> [Task brief]:
The required output is the line containing "MA license plate 196AV9" through the final line of the material below, printed exactly, with no other lines.

■ ■ ■ ■ ■

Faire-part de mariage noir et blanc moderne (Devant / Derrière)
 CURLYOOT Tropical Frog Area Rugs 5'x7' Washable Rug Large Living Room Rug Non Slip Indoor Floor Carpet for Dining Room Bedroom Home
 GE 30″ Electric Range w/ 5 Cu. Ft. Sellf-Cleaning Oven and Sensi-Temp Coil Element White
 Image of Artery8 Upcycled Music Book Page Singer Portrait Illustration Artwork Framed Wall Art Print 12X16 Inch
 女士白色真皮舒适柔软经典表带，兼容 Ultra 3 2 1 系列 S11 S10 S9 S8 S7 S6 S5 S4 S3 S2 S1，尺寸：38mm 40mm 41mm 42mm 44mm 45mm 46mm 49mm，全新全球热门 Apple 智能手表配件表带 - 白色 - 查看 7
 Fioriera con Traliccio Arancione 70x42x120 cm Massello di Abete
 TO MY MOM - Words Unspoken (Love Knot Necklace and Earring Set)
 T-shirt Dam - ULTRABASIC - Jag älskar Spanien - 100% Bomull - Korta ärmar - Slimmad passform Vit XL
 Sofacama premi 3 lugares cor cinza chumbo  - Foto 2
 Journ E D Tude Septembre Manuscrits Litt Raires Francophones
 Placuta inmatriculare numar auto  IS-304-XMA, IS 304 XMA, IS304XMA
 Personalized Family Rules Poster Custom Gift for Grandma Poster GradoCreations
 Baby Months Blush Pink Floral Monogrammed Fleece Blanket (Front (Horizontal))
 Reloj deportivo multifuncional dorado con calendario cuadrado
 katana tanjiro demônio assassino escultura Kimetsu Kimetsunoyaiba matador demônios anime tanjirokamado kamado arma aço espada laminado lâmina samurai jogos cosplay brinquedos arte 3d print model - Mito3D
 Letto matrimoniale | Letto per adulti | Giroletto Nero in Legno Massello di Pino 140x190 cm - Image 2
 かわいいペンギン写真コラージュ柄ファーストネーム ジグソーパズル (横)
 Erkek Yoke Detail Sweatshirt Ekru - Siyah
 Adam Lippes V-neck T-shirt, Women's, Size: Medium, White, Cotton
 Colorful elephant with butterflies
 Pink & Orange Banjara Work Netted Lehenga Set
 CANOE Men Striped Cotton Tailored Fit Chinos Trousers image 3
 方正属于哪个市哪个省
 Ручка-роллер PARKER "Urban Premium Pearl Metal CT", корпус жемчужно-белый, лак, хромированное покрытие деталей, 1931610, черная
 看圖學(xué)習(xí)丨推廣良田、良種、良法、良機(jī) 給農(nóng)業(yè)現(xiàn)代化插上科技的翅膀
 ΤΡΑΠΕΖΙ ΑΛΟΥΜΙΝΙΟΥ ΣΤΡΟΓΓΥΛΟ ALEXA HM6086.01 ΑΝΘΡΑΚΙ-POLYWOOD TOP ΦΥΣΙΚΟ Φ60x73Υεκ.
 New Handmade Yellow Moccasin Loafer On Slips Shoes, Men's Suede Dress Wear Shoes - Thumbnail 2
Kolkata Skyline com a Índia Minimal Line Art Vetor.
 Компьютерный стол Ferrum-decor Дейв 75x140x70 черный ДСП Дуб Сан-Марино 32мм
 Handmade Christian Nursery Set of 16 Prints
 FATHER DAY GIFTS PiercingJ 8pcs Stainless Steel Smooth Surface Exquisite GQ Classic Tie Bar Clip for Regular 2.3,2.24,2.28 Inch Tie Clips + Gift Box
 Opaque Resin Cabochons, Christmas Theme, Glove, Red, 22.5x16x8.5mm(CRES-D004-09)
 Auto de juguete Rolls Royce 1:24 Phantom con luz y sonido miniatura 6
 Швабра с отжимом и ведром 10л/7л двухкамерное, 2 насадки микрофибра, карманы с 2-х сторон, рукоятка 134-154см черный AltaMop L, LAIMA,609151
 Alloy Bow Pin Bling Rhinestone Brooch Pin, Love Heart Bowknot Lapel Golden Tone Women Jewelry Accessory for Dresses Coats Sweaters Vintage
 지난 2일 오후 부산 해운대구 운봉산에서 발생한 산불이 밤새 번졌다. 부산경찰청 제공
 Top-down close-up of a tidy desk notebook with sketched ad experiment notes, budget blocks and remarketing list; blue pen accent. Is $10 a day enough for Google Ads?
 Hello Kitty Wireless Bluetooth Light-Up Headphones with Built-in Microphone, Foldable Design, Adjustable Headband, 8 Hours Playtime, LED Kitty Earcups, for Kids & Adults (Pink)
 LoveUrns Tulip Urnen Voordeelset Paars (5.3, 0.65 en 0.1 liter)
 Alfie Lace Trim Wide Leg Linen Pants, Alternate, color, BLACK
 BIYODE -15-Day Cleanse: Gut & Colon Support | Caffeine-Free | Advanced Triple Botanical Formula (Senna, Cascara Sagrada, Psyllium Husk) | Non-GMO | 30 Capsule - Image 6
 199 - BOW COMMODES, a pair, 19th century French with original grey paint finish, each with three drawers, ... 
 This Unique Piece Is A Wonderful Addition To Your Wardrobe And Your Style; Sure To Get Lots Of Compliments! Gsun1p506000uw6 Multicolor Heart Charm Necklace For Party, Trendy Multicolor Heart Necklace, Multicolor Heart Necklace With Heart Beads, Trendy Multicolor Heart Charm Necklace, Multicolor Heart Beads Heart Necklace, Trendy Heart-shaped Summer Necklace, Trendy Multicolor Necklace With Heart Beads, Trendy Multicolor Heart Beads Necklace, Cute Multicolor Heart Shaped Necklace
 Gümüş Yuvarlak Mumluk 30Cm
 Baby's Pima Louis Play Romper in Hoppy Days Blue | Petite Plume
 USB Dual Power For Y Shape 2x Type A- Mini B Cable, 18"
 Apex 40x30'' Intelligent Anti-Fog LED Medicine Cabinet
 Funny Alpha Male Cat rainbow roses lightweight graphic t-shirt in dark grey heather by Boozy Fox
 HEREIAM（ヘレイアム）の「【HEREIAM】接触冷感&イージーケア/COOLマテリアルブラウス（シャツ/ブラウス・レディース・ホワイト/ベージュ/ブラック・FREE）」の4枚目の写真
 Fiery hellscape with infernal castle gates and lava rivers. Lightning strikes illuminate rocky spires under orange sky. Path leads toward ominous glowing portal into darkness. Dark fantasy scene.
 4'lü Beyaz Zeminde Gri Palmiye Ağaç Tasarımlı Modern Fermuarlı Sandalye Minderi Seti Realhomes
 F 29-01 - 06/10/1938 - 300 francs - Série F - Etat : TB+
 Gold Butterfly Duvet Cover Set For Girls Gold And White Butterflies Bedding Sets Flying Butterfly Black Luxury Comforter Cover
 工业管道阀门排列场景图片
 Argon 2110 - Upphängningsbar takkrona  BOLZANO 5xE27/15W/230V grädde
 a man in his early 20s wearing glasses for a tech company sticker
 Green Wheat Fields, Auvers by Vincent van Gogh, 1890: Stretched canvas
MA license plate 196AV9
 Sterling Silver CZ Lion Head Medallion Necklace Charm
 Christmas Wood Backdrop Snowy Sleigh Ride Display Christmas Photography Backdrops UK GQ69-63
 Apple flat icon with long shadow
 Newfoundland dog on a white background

■ ■ ■ ■ ■

> [Answer to the exercise]:
MA license plate 196AV9
 Sterling Silver CZ Lion Head Medallion Necklace Charm
 Christmas Wood Backdrop Snowy Sleigh Ride Display Christmas Photography Backdrops UK GQ69-63
 Apple flat icon with long shadow
 Newfoundland dog on a white background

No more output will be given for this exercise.